Local authority heads and police officers facing threats from criminals, top cop says

"Children of threatened officers taken to school by special unit."

Police Chief David Cohen 248 88 aj (photo credit: Ariel Jerozolimski [file])
Police Chief David Cohen 248 88 aj
(photo credit: Ariel Jerozolimski [file])
Eighteen local authority heads and dozens of police officers are being threatened by criminals, Police Insp.-Gen. David Cohen said during a meeting with Union of Local Authorities in Israel Chairman Shlomo Buhbut on Thursday. Cohen said police were facing threats from criminals "due to the daily friction between police and the criminal population. "As part of the 'blue revolution,' 99 percent of police capabilities today have been directed to crime fighting. The whole of the Border Police is involved in crime fighting," Cohen added. Sixty-three police officers have received threats from criminals in varying forms, a police source told The Jerusalem Post last week, and a special unit has been set up under the auspices of the Israel Police Operations Branch to provide the officers with protection. The unit is overseen by Cohen, and is run by the Head of Security for the Israel Police, Dep.-Cmdr.

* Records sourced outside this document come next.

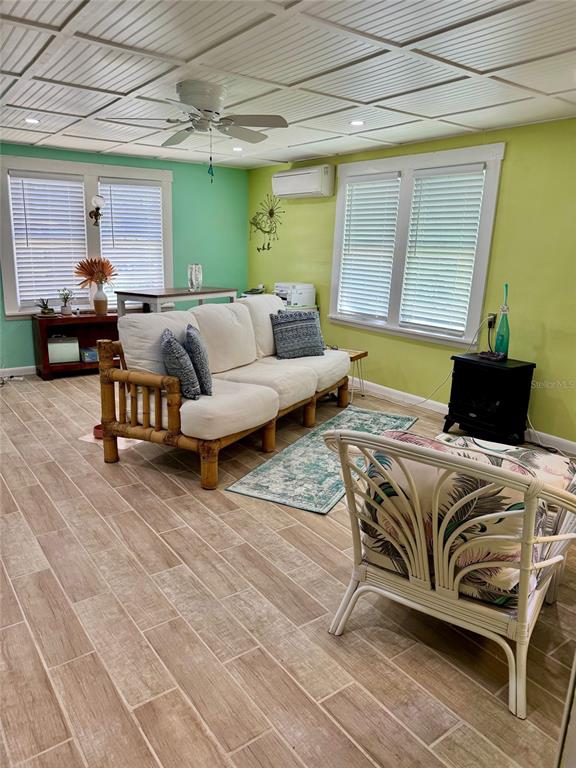 A living room features a bamboo sofa, a patterned armchair, and light-colored tile flooring — 3022 56TH STREET S, GULFPORT, FL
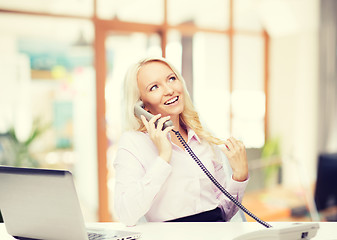 Image showing smiling businesswoman or student calling on phone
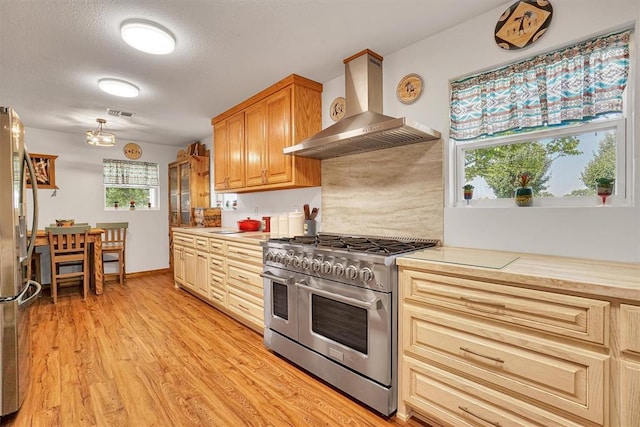 kitchen with a textured ceiling, light wood-type flooring, wall chimney range hood, and appliances with stainless steel finishes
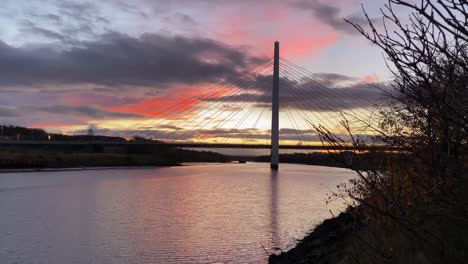 Die-Nördliche-Turmbrücke-über-Dem-Fluss-Trägt-Sich-Während-Eines-Wunderschönen-Orangefarbenen-Sonnenuntergangs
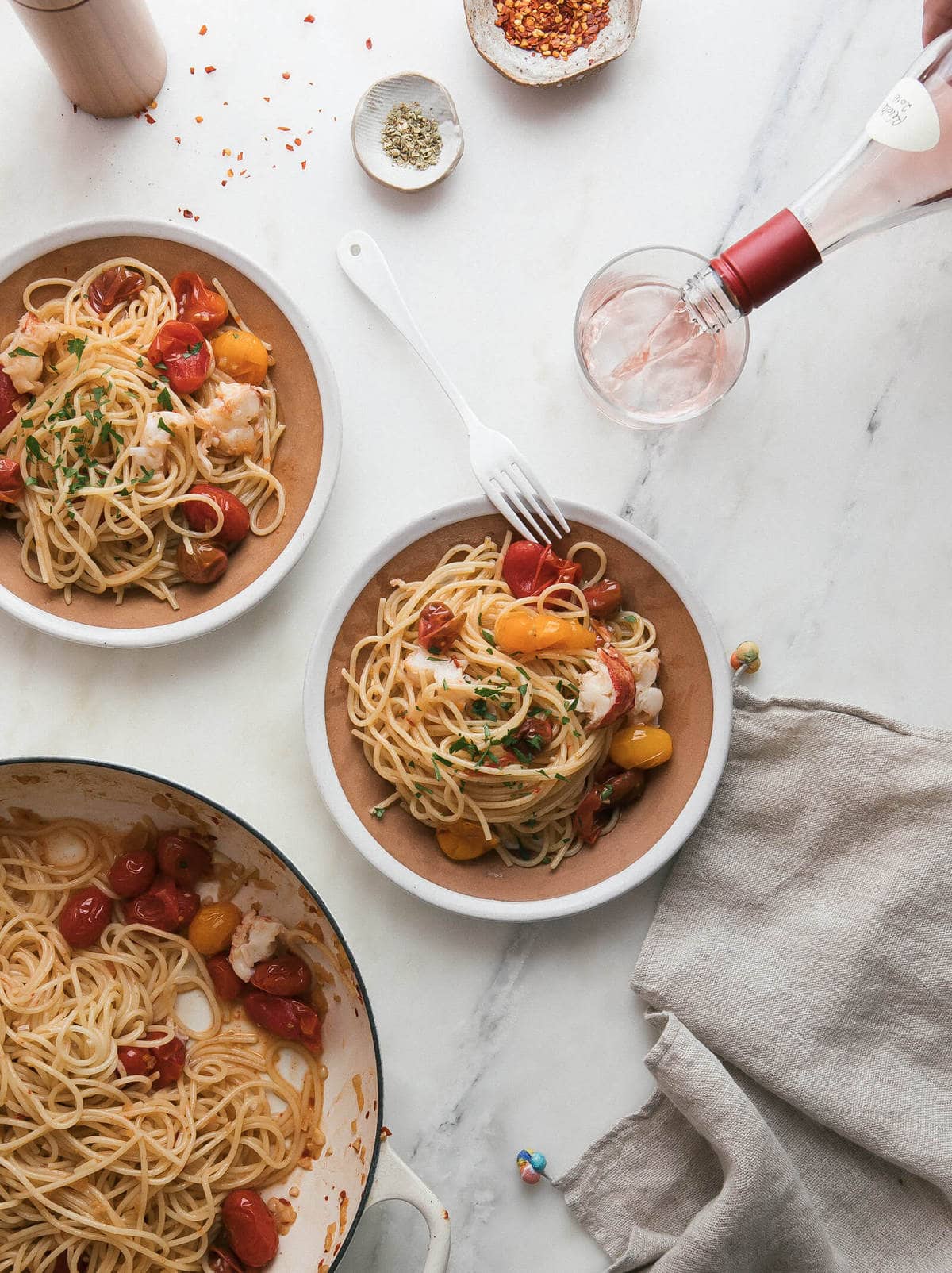 Lobster Pasta with Cherry Tomatoes on two plates.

Yisrael Singer. Last month, Singer said a hi-tech kit, which includes a specialized camera, would be provided to threatened officers. Open and undercover protection is given to threatened officers, including surveillance of their homes and work places and the monitoring of the movements of family members. According to an Israel Radio report broadcast last week, children of threatened officers are taken to kindergarten by members of the Police Protection Unit. During his meeting with Buhbut, Cohen came out against the proposition to create municipal police forces that would be subordinate to mayors, preferring the creation of local police departments that would remain under the authority of the national police. "The State of Israel has one military, one Israel Security Agency [Shin Bet], and one national police," he said. He added, however, that he supports steps being taken by Public Security Minister Yitzhak Aharonovitch to strengthen the police through the creation of city policing. "We believe in cooperating with local authorities. We have the same goals," Cohen added.